ここに、『新編弘前市史』資料編2(近世編1)を刊行する。
本編では、昭和三十八年(一九六三)に刊行した『弘前市史』藩政編に多くを学びつつ、『新編弘前市史』資料編1に続き、天正十七年(一五八九)からおおむね十八世紀後半、宝暦改革期に至る津軽領を中心とした資料を編纂・収録した。収載した内容は、第一章、藩政成立への道、第二章、藩政の確立、第三章、藩政の展開と思想、第四章、産業と海運の発達、第五章、藩政時代の町と村、である。第一章のみは、編年体の構成としたが、第二章以下は、資料を整理・分類して節・項に分け、各々標題を付して利用に便宜を図った。
さて本編は、次のような構想と編纂方針をもって編集した。本市史の近世に関する資料編は、二巻をもって構成することが決定しており、したがって本編は、近世初期から幕藩体制の後期に入る十八世紀後半までを取り扱うこととし、時系列による領内支配の政治的な推移と動向を押さえ、一方では時間軸では捉えきれない、藩政時代における町・村の状況や、諸産業の発達のあり方が明確になるように資料を配列した。収載した資料は、弘前市立図書館、国立史料館などの各所蔵機関だけでなく、県内外の多くの機関、個人の方々からご協力を得て、広く調査・収集した成果を収めさせていただいた。
また本編では、右に述べた事情により紙幅の制約から網羅主義を採用できず、政治動向では、初期藩体制の成立、四代藩主津軽信政の寛文(かんぶん)・貞享(じょうきょう)から元禄期に至る政治の展開、宝暦改革の実施等に重点を置いた編集となった。産業の発達では、交通・海運・鉱山等に主力をおいたため、他の業種への言及が少なかったことは否めない。但し、その中でも、廻米(かいまい)の展開による全国市場への参加、ついで家中払米(かちゅうはらいまい)等を通じた蝦夷地(えぞち)との交流など、人・もの等のフローの部分に焦点を当てて、動態的な事象の把握にも努めた。
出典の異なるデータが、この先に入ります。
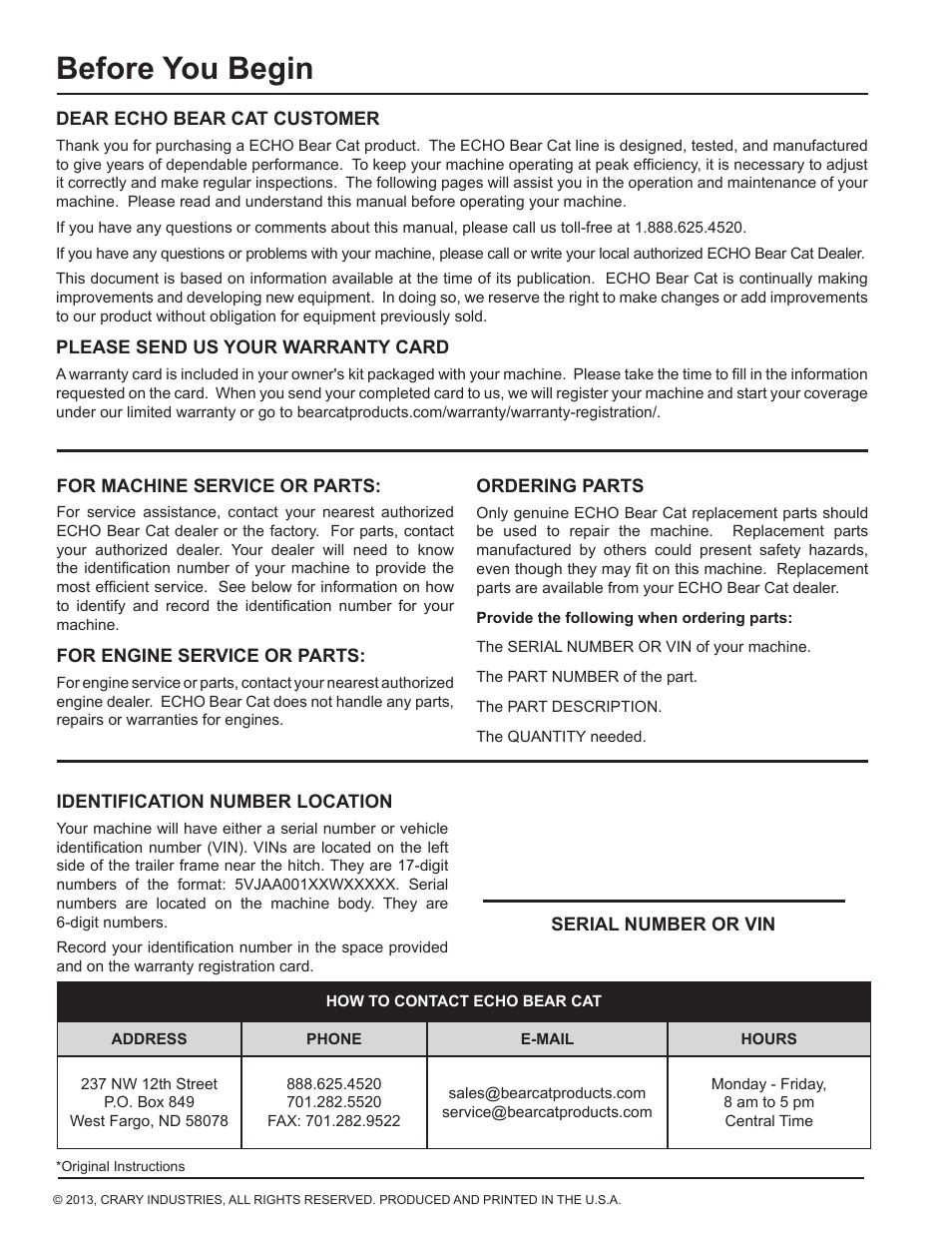 Before you begin | Echo Bear Cat SC5540B User Manual | Page 2 / 24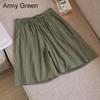 Frauen Sommer Elastische Taille Breite Bein Hosen Kordelzug Shorts Strand Shorts Lose Beiläufige Einfarbig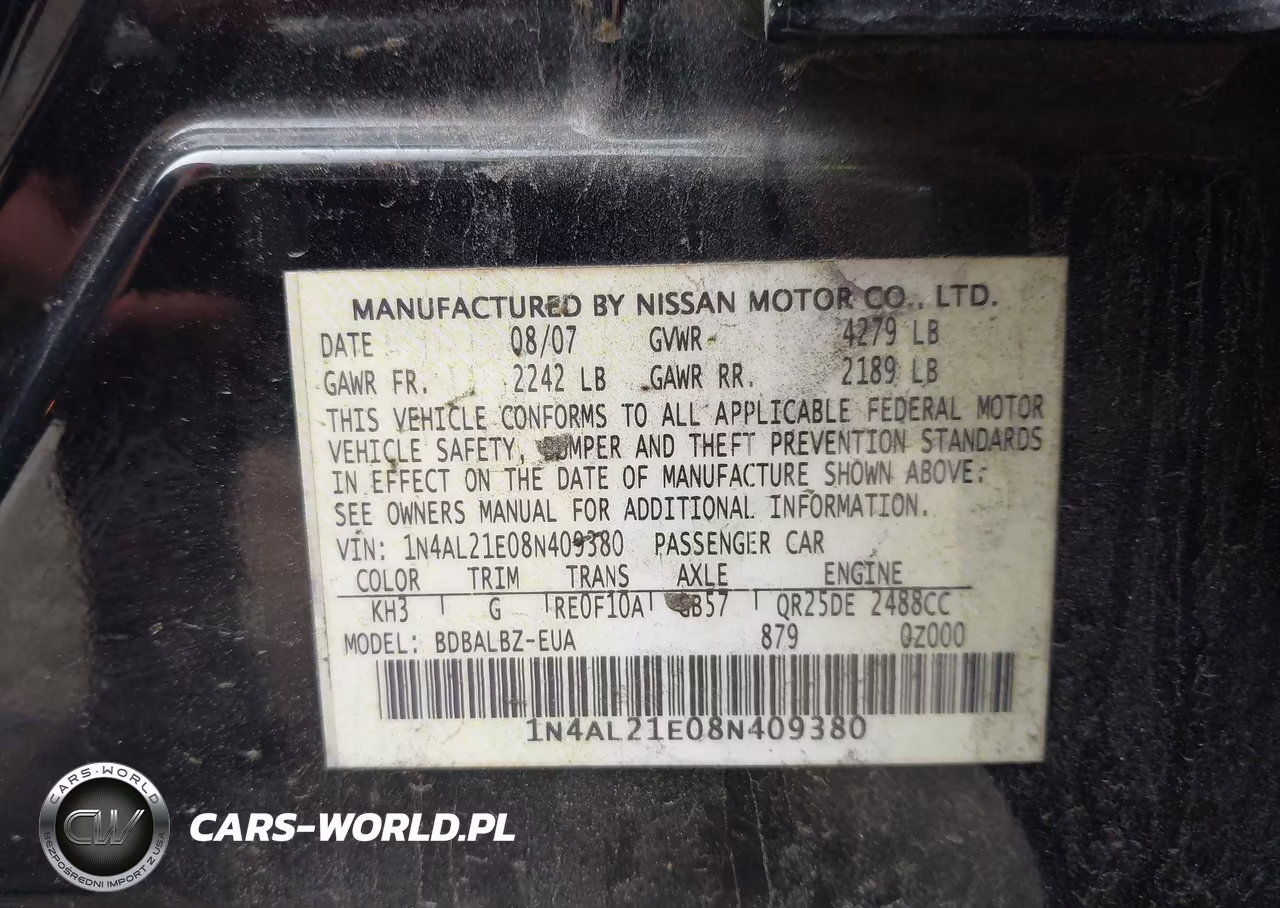 2008 Nissan Altima 2.5 S VIN:1N4AL21E08N409380 - 9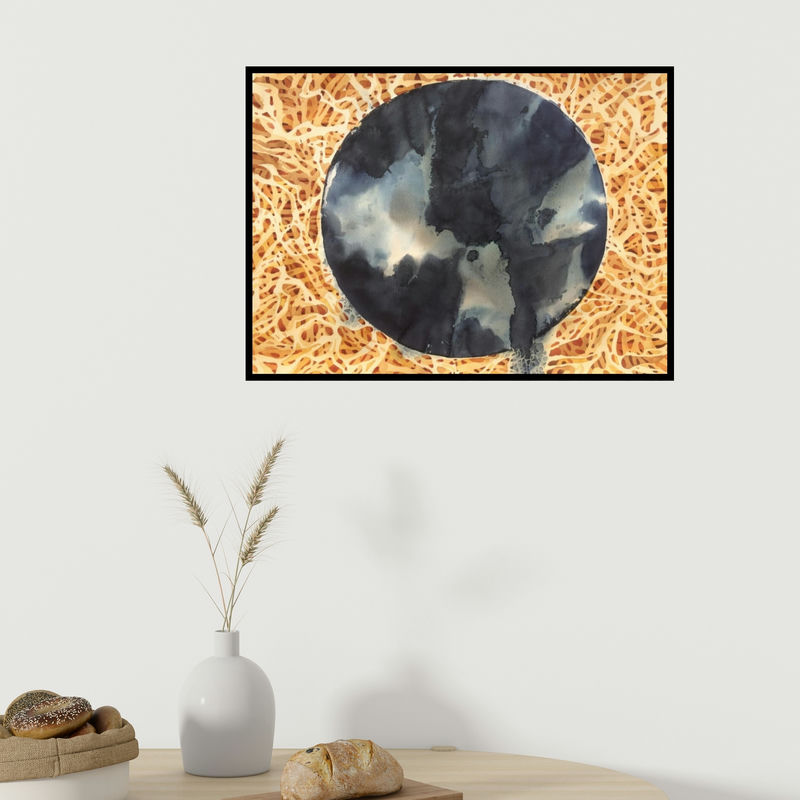 In-situ view of Sajal Sarkar's 'Perilous Home 1 (The Veiled Sun)' painting in a room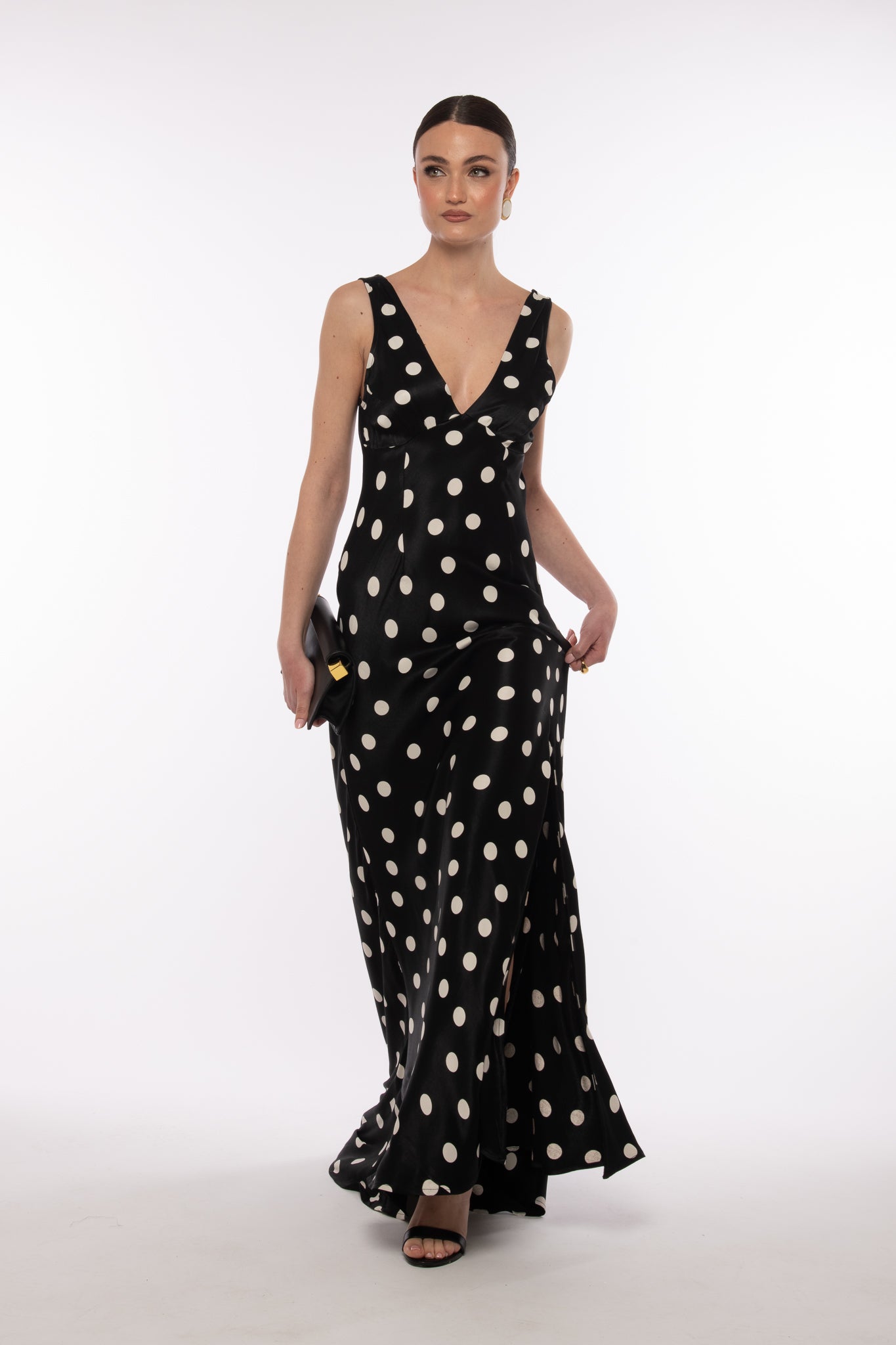 Abito simil raso ‘POIS’ GRACE Nero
収録した新資料の中には、次のような特に注目されるものがある。第一章の編年体資料には、西本願寺原蔵の西洞院時慶卿記(にしのとういんときよしきょうき)紙背文書に見える津軽家の文書類等を初めて掲げて参考に供し、第二章では、全国的にも極めて珍しい、徳川将軍家から津軽家へ発給された領知朱印状(りょうちしゅいんじょう)並びに領知目録の原本を口絵にも掲載した。第三章では、京都府陽明(ようめい)文庫で採訪した、津軽家と近衛家との関係を伺う上で貴重な文書史料を、ついで宝暦改革の主導者である乳井貢(にゅういみつぎ)の著作を掲げて、政治と思想の両面から藩政の実像を立体的に構成できるように配慮した。また付録として、弘前城下、青森湊町、鯵ヶ沢湊町、十三湊町、深浦湊町、藤崎(ふじさき)村、岩舘(いわだて)村の、十七世紀前半から後期にかけての町と村の絵図を製版して活用できるようにした。詳しくは、各章の巻頭に掲げた解説を参照されたい。
なお当該の時期における民衆の生活実態については、周知のごとく資料的な制約があって明確にしえない部分が多く、これらの課題は次巻に予定している後期藩政の動向のなかで触れてゆくことにする。
本編では可能な限りビジュアルな編集を心がけたが、資料編という性格上、かなわぬことも多かった。市民の皆さまのご寛恕を願うのみであるが、本編の編纂に対する我々の意図をお汲み取りいただければ幸いである。